What exactly is Mobile Device Management (MDM)?
In many organizations, employees have mobile devices that they use to do their jobs. Those mobile devices can be tablets, smartphones, or other devices. To be able to manage these devices, organizations often will use “Mobile Device Management” or MDM.
This management can be very important if putting sensitive company information on the staff member’s device. Mobile Device Management allows us to keep track of where all these systems might be, how data is on the system and allows us to manage almost all aspects of those mobile devices.
Application Management
One aspect of mobile device management is making sure that you can manage what applications are on these mobile devices. Since some apps can be malicious in nature (Stealing banking info or password etc.), being able to manage what applications are allowed to be installed is a smart idea. You can allow only certain applications or block specific ones.
Lost or Stolen Device – Remote Wipe
Unfortunately, these mobile devices can sometimes go missing. Since these devices can very easily get lost or stolen, we can use MDM to delete everything on that mobile device, even though we don’t have physical access to the device. We can do that through a remote wipe functionality. Though we may not know exactly where that device happens to be as long as it is connected to a cellular network or Wi-Fi, it will receive those notices that we want to connect and delete all the company data.
Device Passcode Policies
Everyone should have a screen lock configured on their mobile device. Through MDM we can enforce screen locking and can ensure that a passcode or PIN is required to access the device. If someone steals the phone and tries to guess the passcode, we could have a policy in place that after ten failed attempts the device is automatically wiped. Or perhaps after the tenth attempt, we permanently lock the device until the administrator remotely unlocks the device.

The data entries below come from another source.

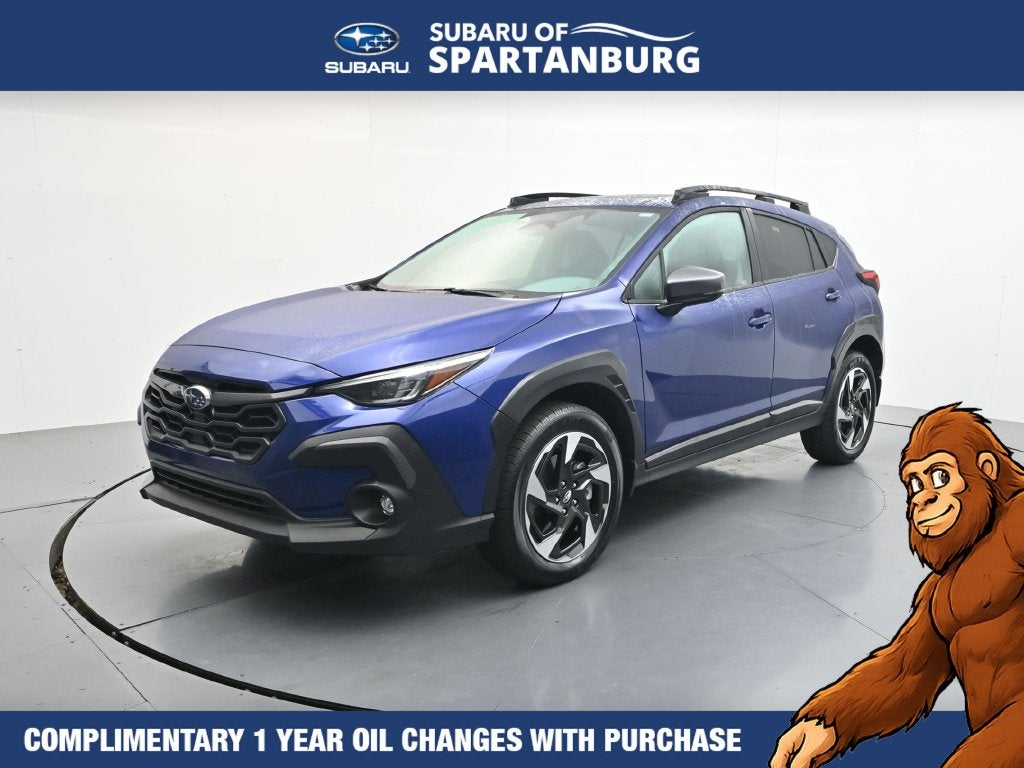 2024 Subaru Crosstrek Limited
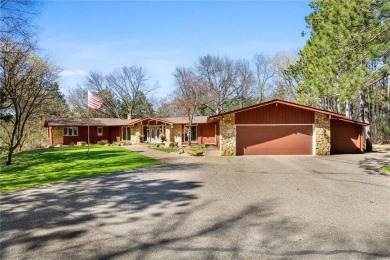 Step into a Piece of History in This Expansive Rambler--Once on New Richmond Golf Club in Wisconsin - for sale on GolfHomes.com, golf home, golf lot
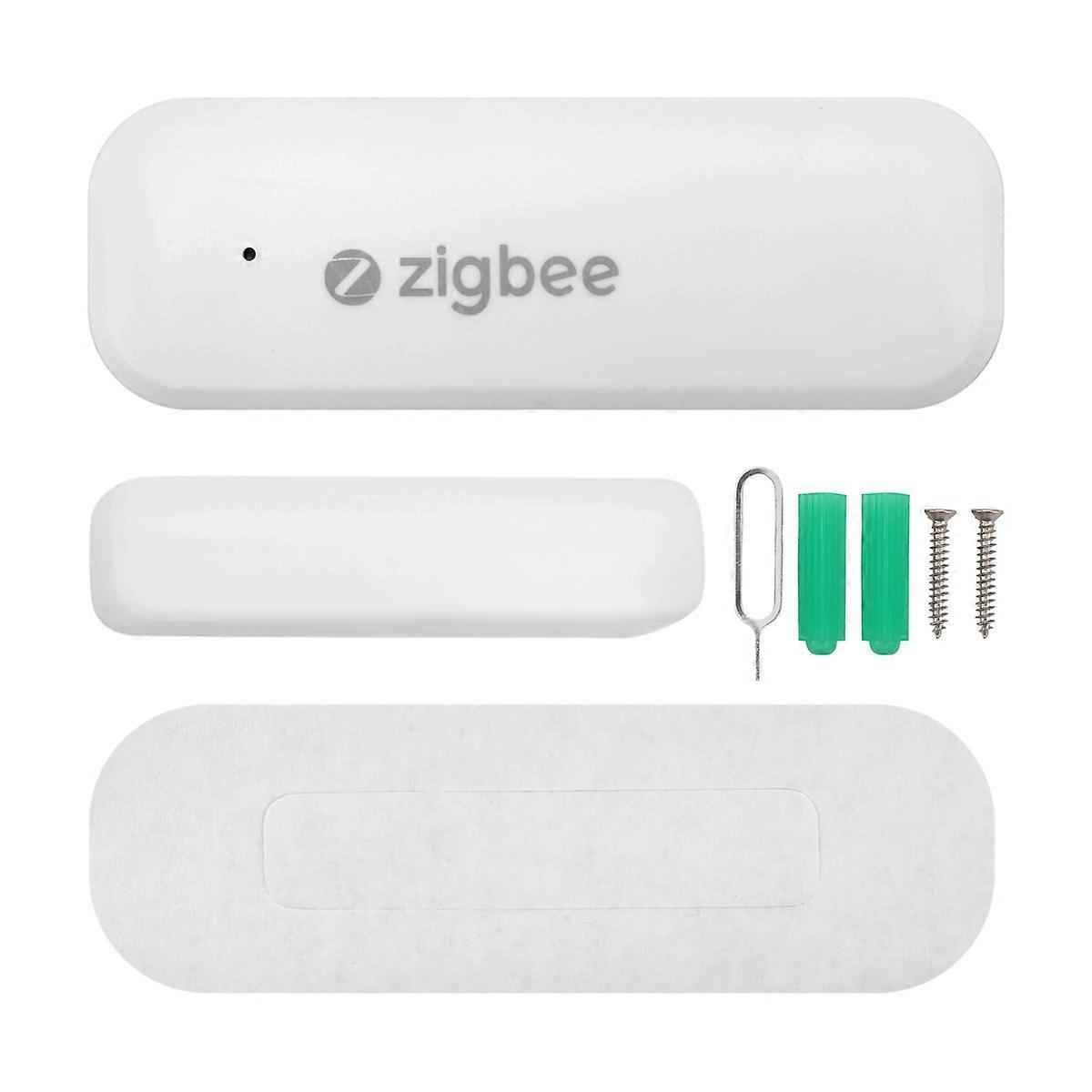 Zigbee Smart Door Window Sensor Wireless Mini Alarm Sensor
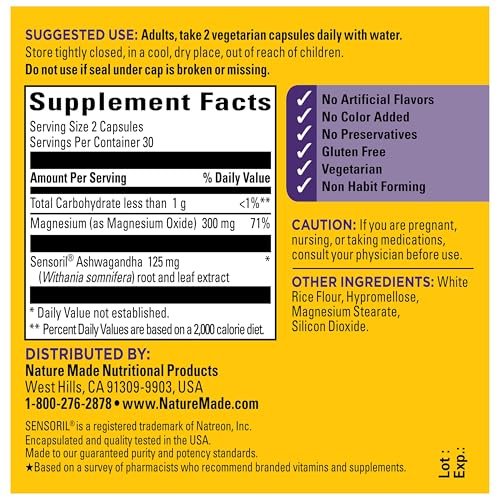Nature Made Advanced Multivitamin Gummies für Erwachsene – Multivitamin Gummis mit Magnesiumcitrat, Calcium & B-Vitaminen – Tägliche Unterstützung – 90 Gummis, 30-Tage-Vorrat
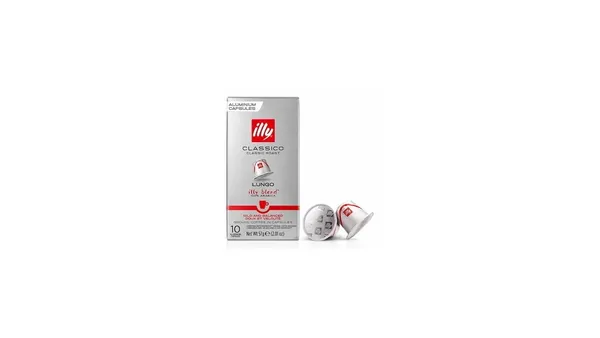 Kapsule za kafu ILLY Lungo 15kom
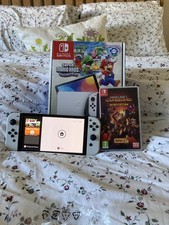 Nintendo Switch Oled Console
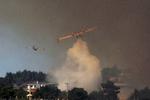 Greece Fires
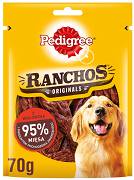 Pedigree Ranchos Originals Przysmak z wołowiną dla psa op. 70g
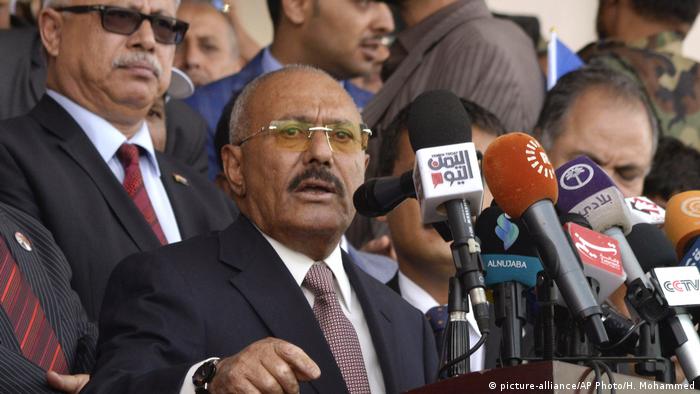Ministério do Interior do Iêmen anunciou nesta segunda-feira (04/12) a morte do ex-presidente Ali Abdullah Saleh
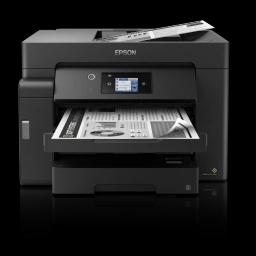 Epson Imprimante à Réservoir intégré ECOTANK M15140 monochrome A3+ C11CJ41403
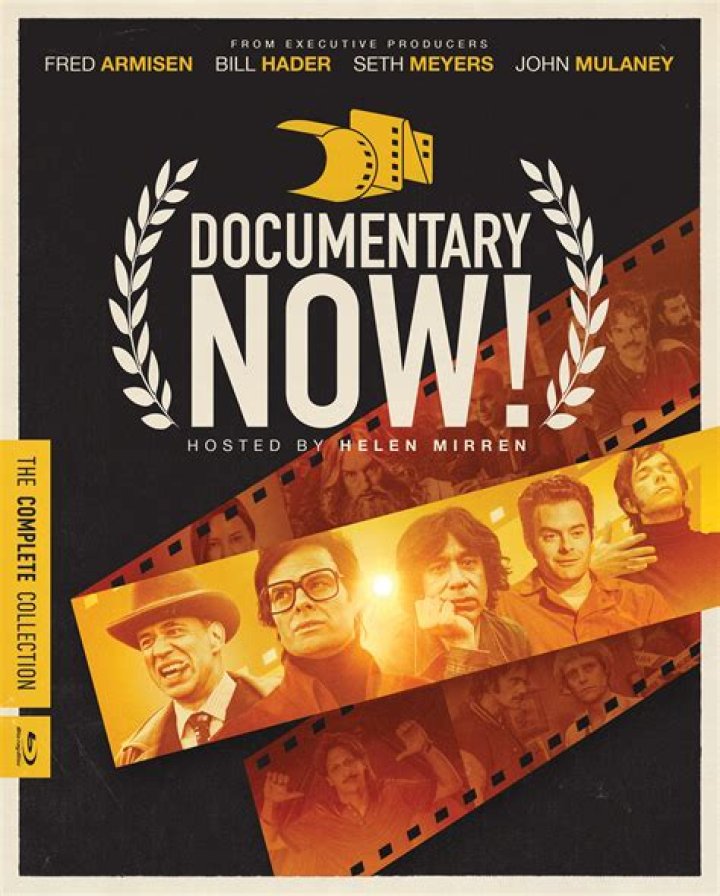 Documentary Now - Vulture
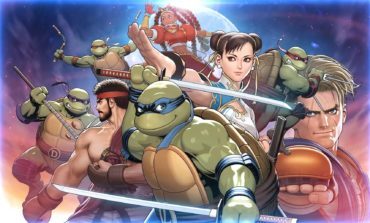Teenage Mutant Ninja Turtles Collaborates With Street Fighter 6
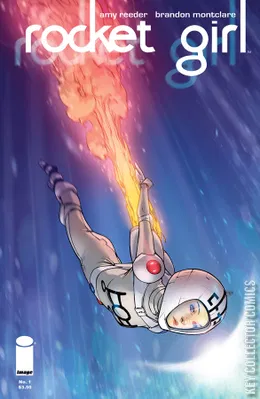 Rocket Girl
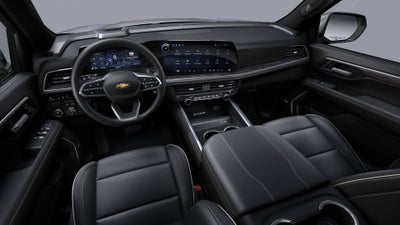 2026 Chevrolet Tahoe 2WD Premier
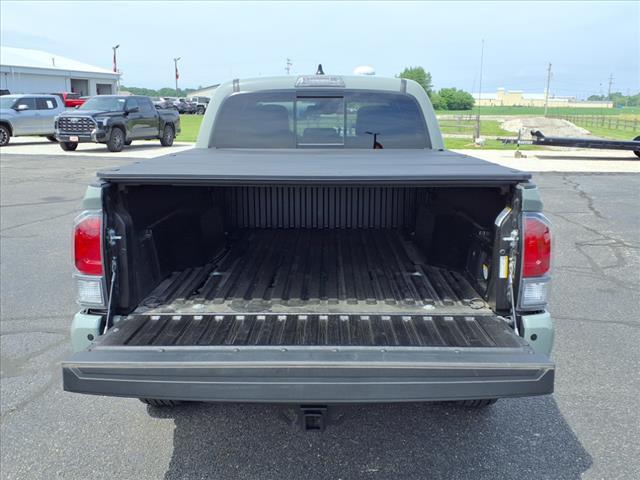used 2023 Toyota Tacoma car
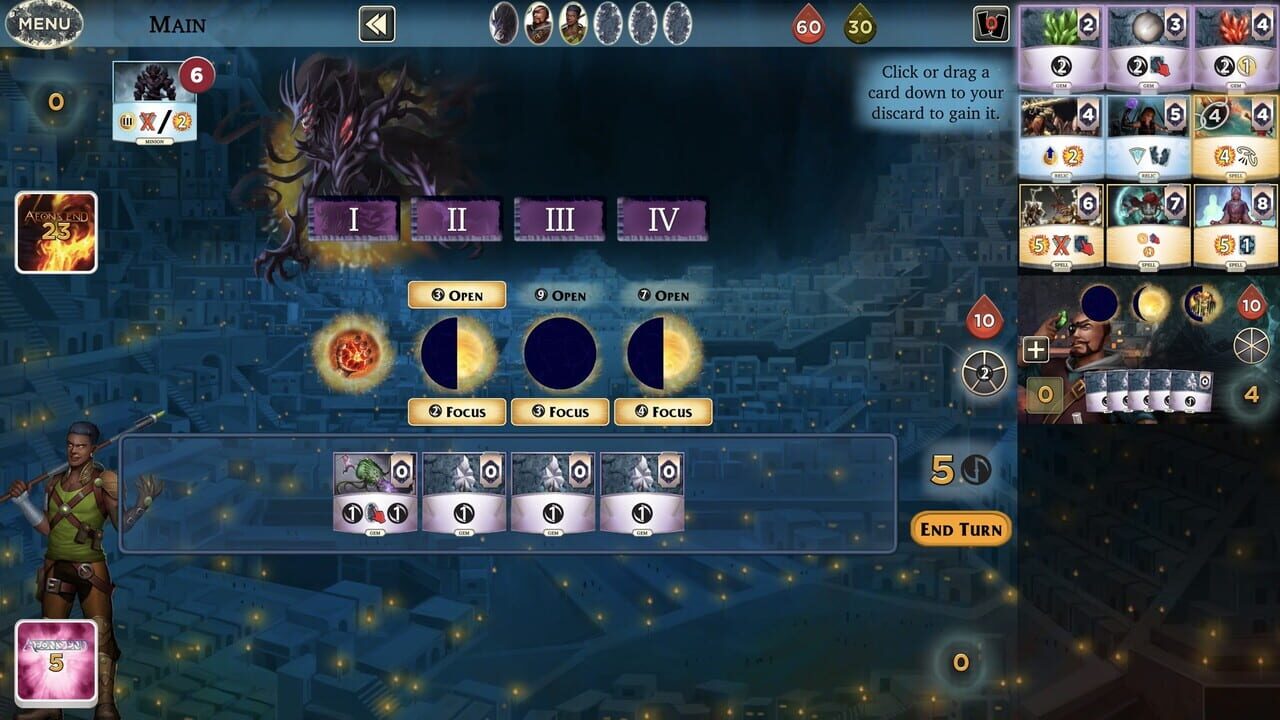 Aeon's End: The Nameless Image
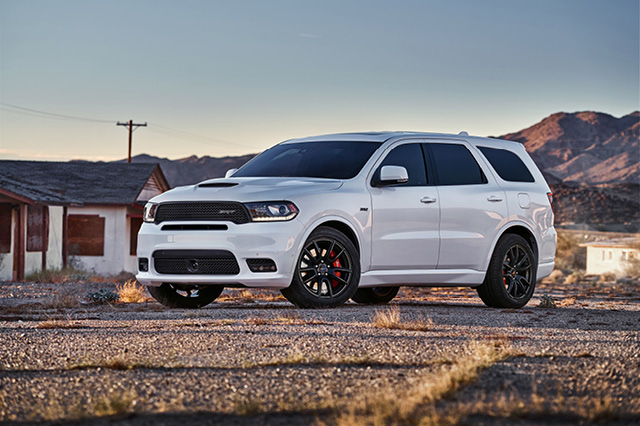 Dodge Durango Windshield Repair & Replacement Guide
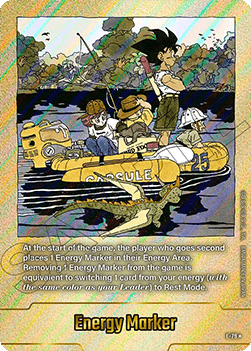 Energy Marker (E-79) [Fusion World] (V.2 - Token ) Immagine principale del prodotto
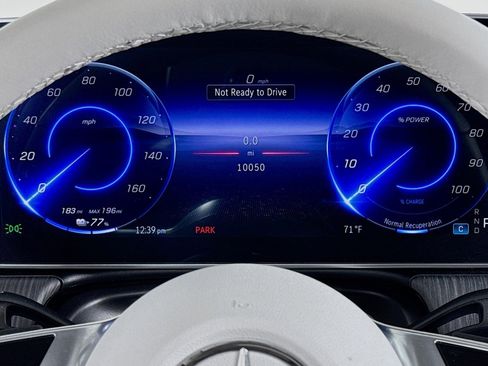 Certified 2023 Mercedes-Benz EQE 350+ 4MATIC SUV image 18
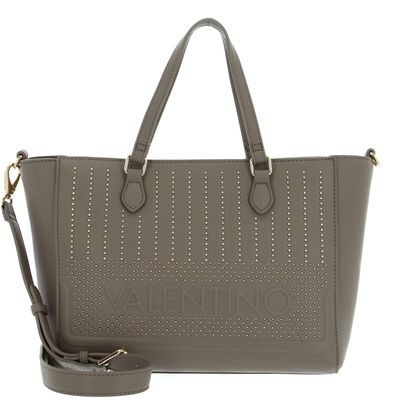 VALENTINO Mittens Shopping Bag Taupe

Data Management – Encryption and Data Loss Prevention
You’ll want to manage how the data is stored on these mobile devices, especially if that data happens to contain sensitive information. We can also ensure that all the data that’s being stored on that device is stored in encrypted form. That way if someone does gain access to this device or the storage of this device, they would not be able to retrieve and view company information. We can also prevent data loss on mobile devices. This would prevent someone from sending sensitive information such as health records, credit card information, or other personally identifiable details to someone else outside of this mobile device.
Geolocation
If we wanted to locate the phone, we could use MDM to get the phone’s geolocation. This can be great if you lose your device because you can get an accurate map that shows you exactly where the device is physically located in the world. This can also be a privacy concern since it effectively would show where you happen to be as well. This is optional however makes it much easier to track down a missing device.
Geofencing
Some MDM platforms use that geolocation information to enable geofencing. This allows the mobile device to enable or disable certain features, depending on the location of where that device is at any particular moment. For example, you might have your MDM configured to disable the camera when you’re inside of the office but re-enable the camera once you leave the office. Or you could use geofencing as part of your authentication. This way when someone is logging into the network, you can check to see where this device is physically located. And if they happen to be in or around the building, you can allow that authentication to continue. If you check the authentication and the user’s authenticating from a different country, then you might want to automatically deny authentication from occurring.
Conclusion
With our ever-increasing dependence on our mobile devices, it only makes sense to manage those with sensitive company information on them. Hopefully, this article gave you some insight into managing your company’s mobile devices and more importantly whether you should be considering it.